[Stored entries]
BEGIN

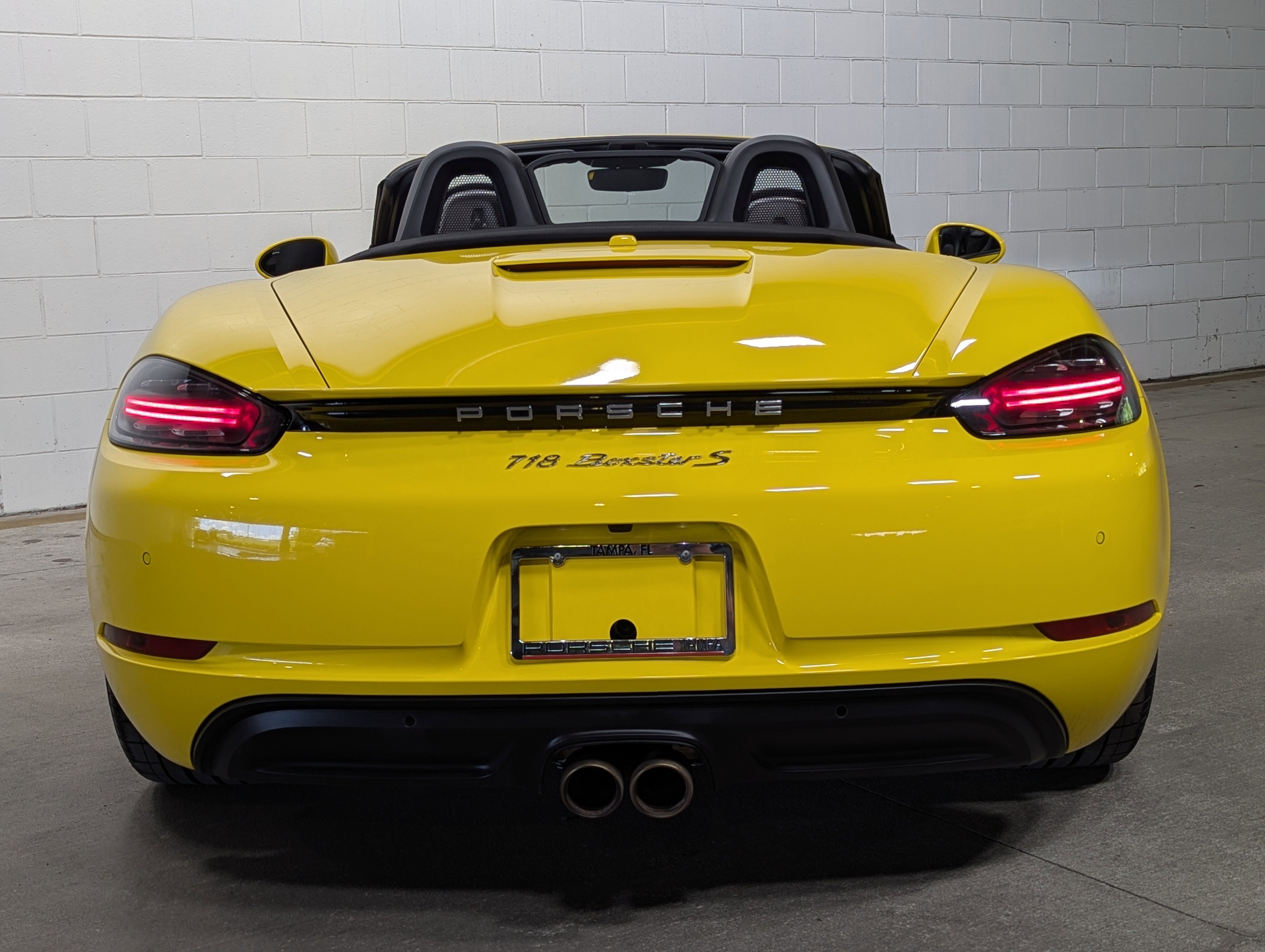 2024 Porsche Boxster S photo 3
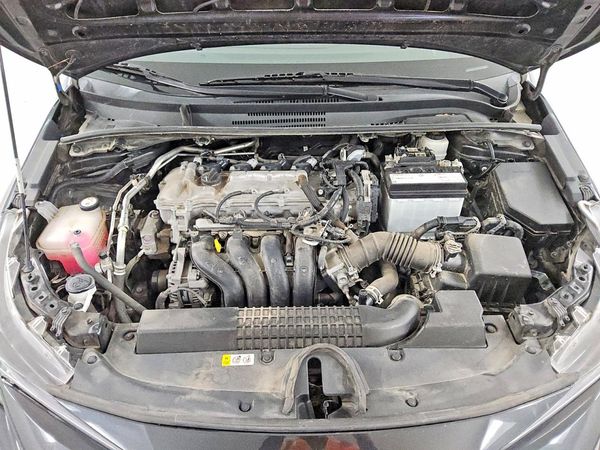 2021 TOYOTA COROLLA LE — Engine bay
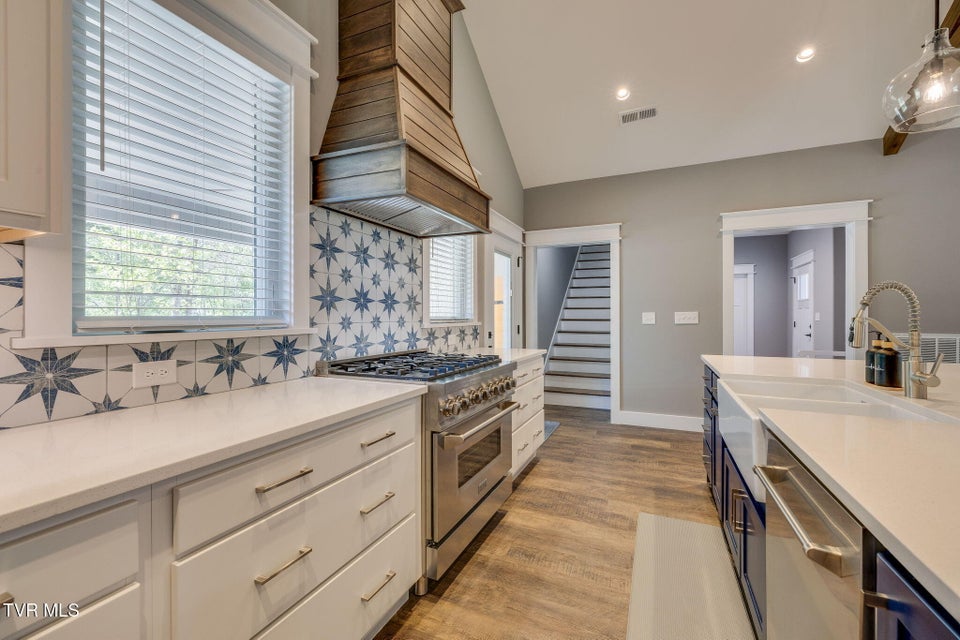 Photo #18: 350 Sunset Harbor Drive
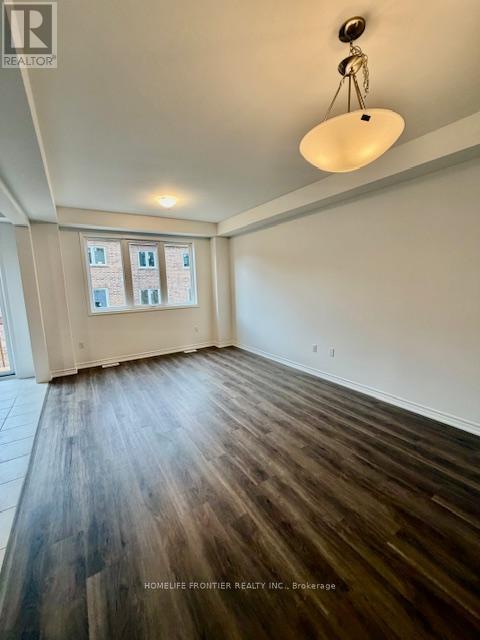 9 Vinewood Crescent, Barrie, Ontario  L9J 0B7 - Photo 7 - S12483802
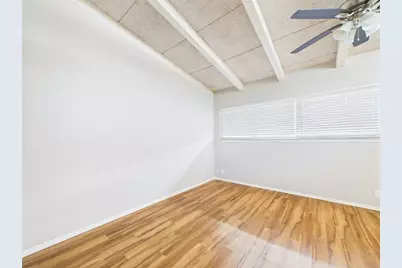 2404 Longview Street #206, Austin, TX 78705 - Photo 10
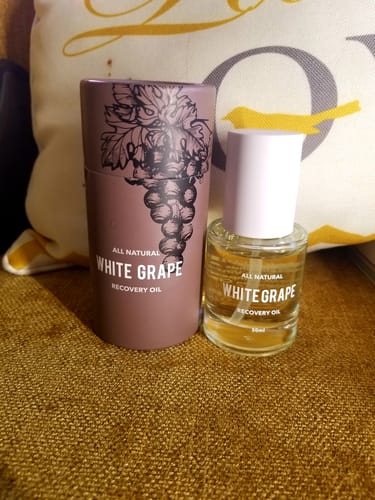 Customer photo review of White Grape Recovery Oil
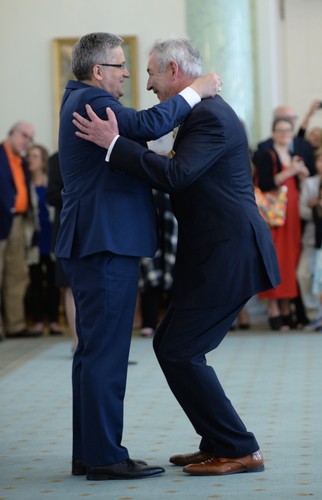 Bronisław Komorowski i dyrektor Teatru Wielkiego - Opery Narodowej Waldemar Dąbrowski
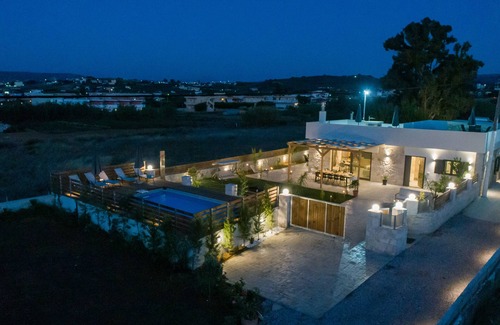 Paralia Kourna Villa | Villa Olympia up to 12-16 pers. 4BR, pool, 400 m. from the long sandy beach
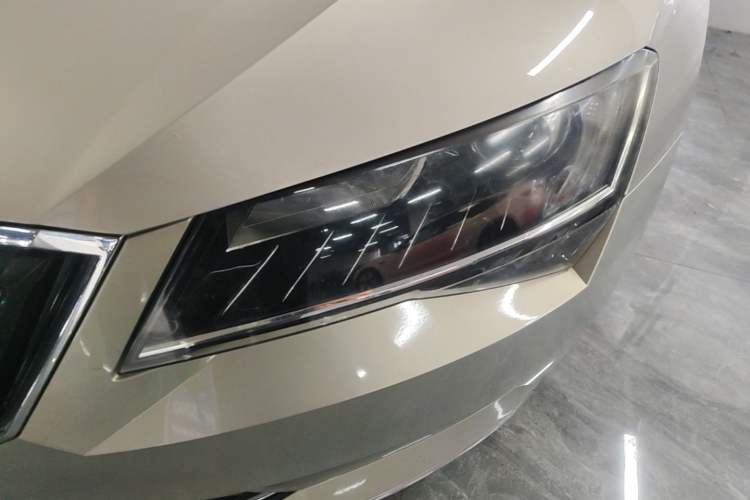 Used Skoda Superb 2018 TSI330 DSG Comfort Edition China V Standard Left Front Headlight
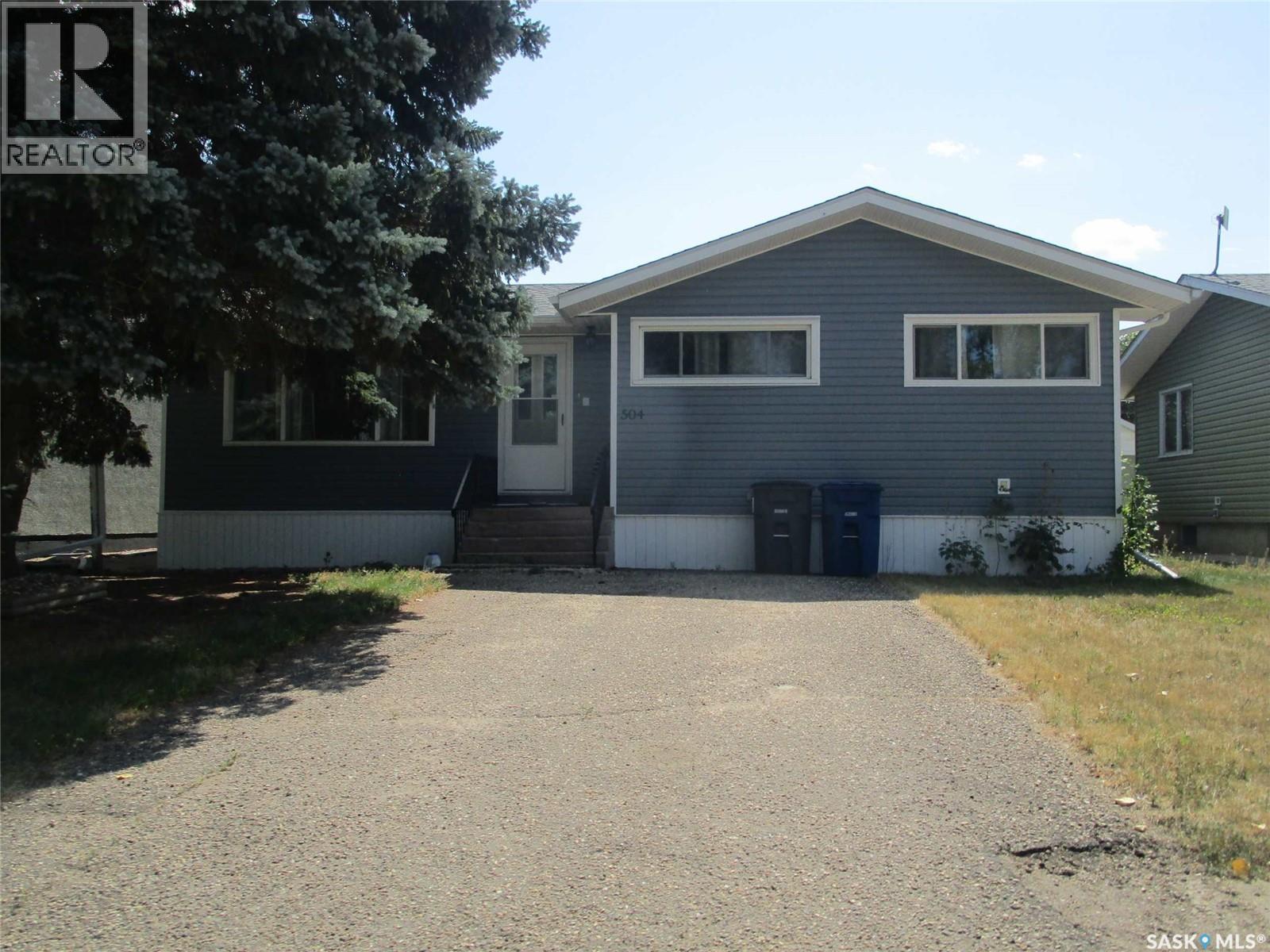 504 4th AVENUE E, Assiniboia, Saskatchewan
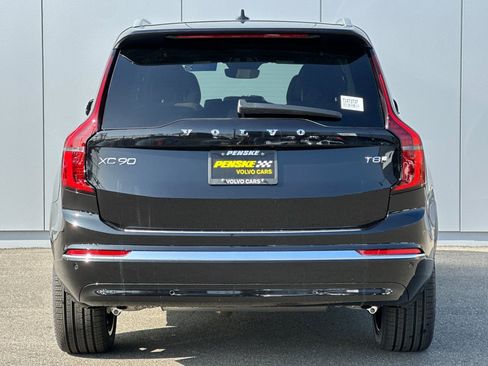 New 2026 Volvo XC90 T8 Plus w/ Protection Package Premier image 4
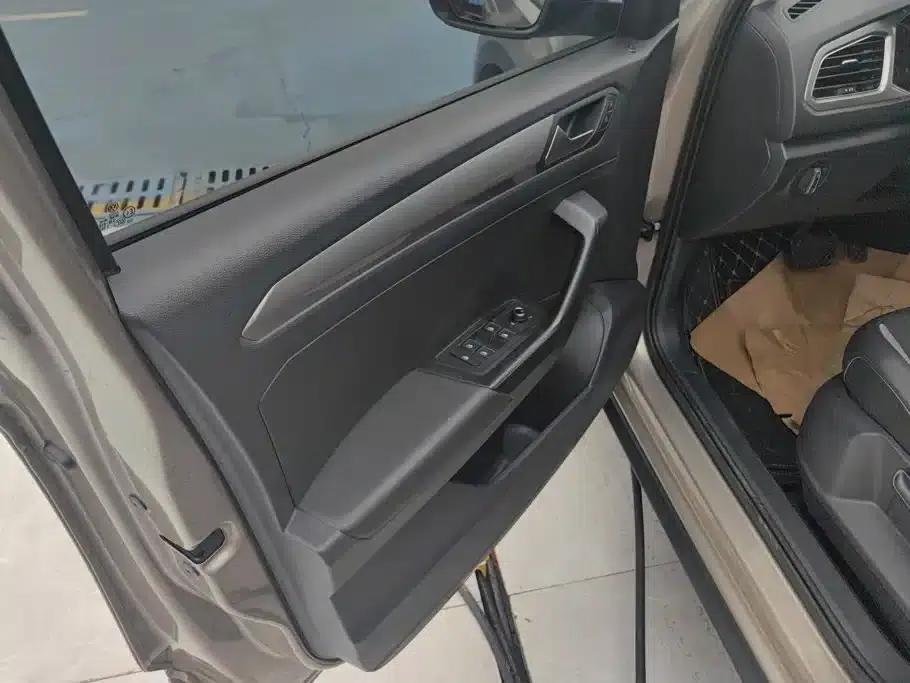 T-ROC 2020 Model 230TSI DSG 2WD Entry-Level — миниатюра 7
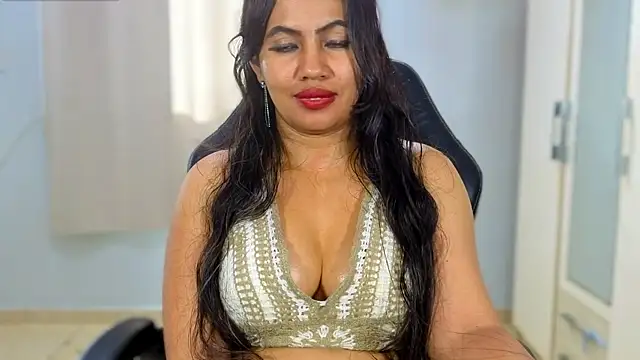 FannyXhot: απευθείας συνομιλία ΧΧΧ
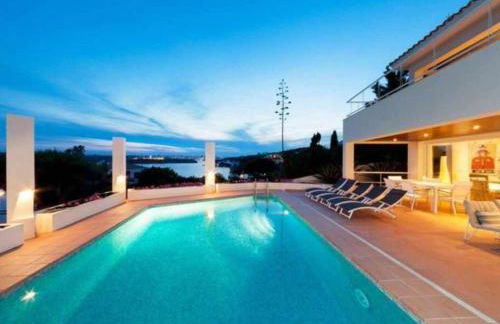 VILLA LANTANA -Vistas únicas al puerto de Mahón - Foto 20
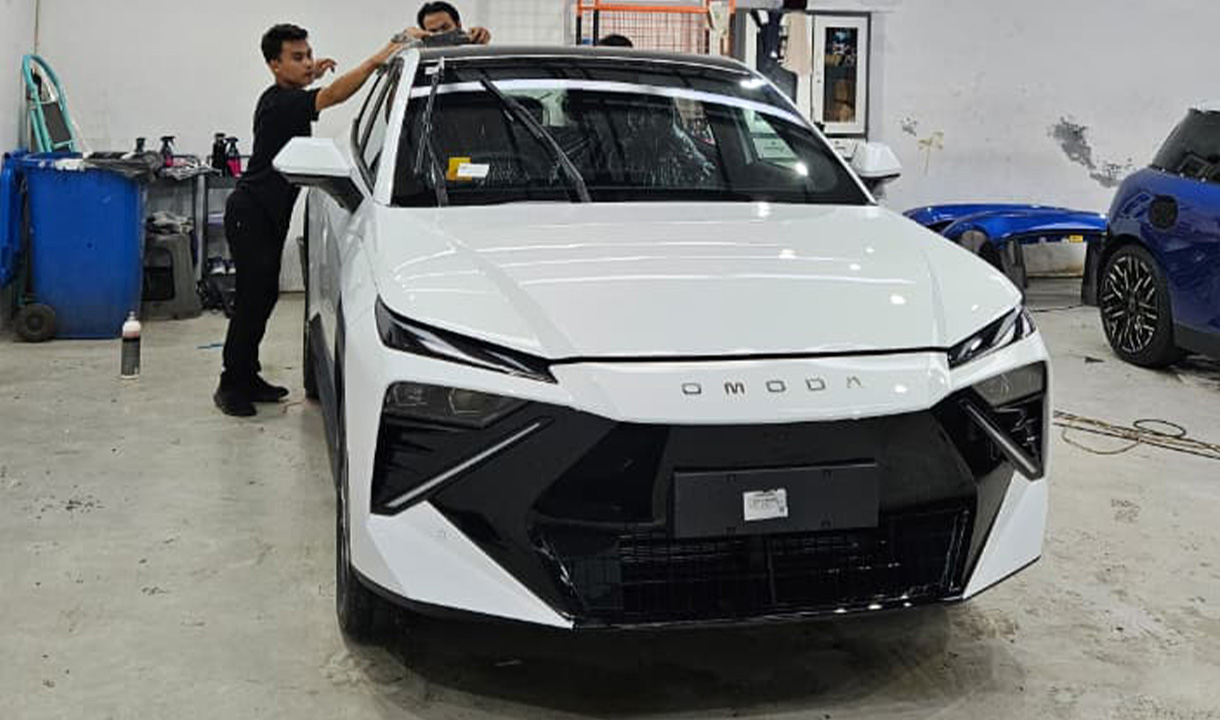 Foto Omoda 04 sedang dibawa menggunakan mobil gendong menjelang GIIAS 2026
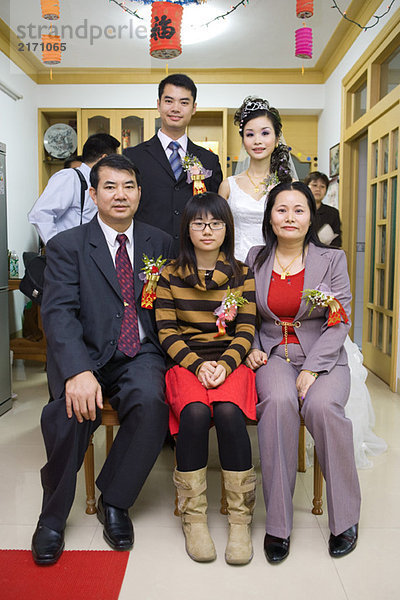 Brautpaar mit Familie  Gruppenporträt  volle Länge  Vorderansicht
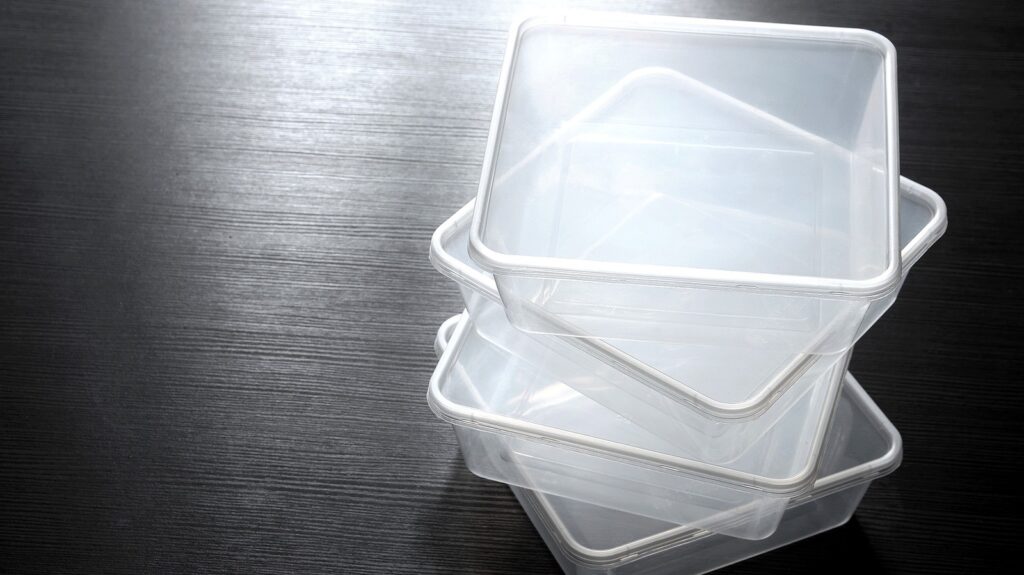 Vous avez des contenants alimentaires sans couvercles ? Réutilisez-les dans un rangement instantané dans la cuisine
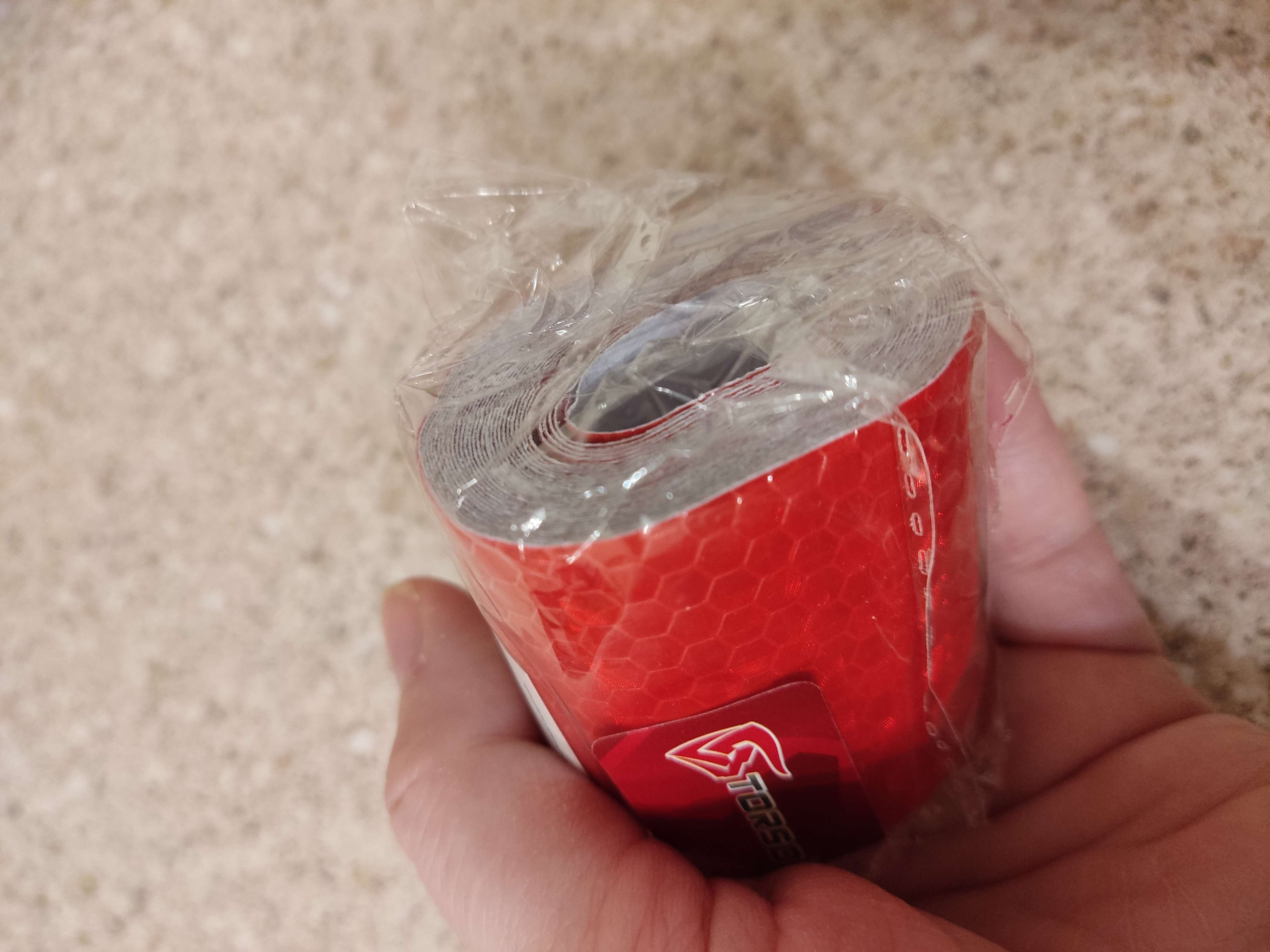 Фотография покупателя товара Светоотражающая лента TORSO, самоклеящаяся, красная, 5 см х 3 м - Фото 1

END

Problem requirements. Set down, exactly as written, each line from the one that contains "FannyXhot: απευθείας συνομιλία ΧΧΧ" to the last line of the records, but none of the pictures.

Response to this task.
 FannyXhot: απευθείας συνομιλία ΧΧΧ
 VILLA LANTANA -Vistas únicas al puerto de Mahón - Foto 20
 Foto Omoda 04 sedang dibawa menggunakan mobil gendong menjelang GIIAS 2026
 Brautpaar mit Familie  Gruppenporträt  volle Länge  Vorderansicht
 Vous avez des contenants alimentaires sans couvercles ? Réutilisez-les dans un rangement instantané dans la cuisine
 Фотография покупателя товара Светоотражающая лента TORSO, самоклеящаяся, красная, 5 см х 3 м - Фото 1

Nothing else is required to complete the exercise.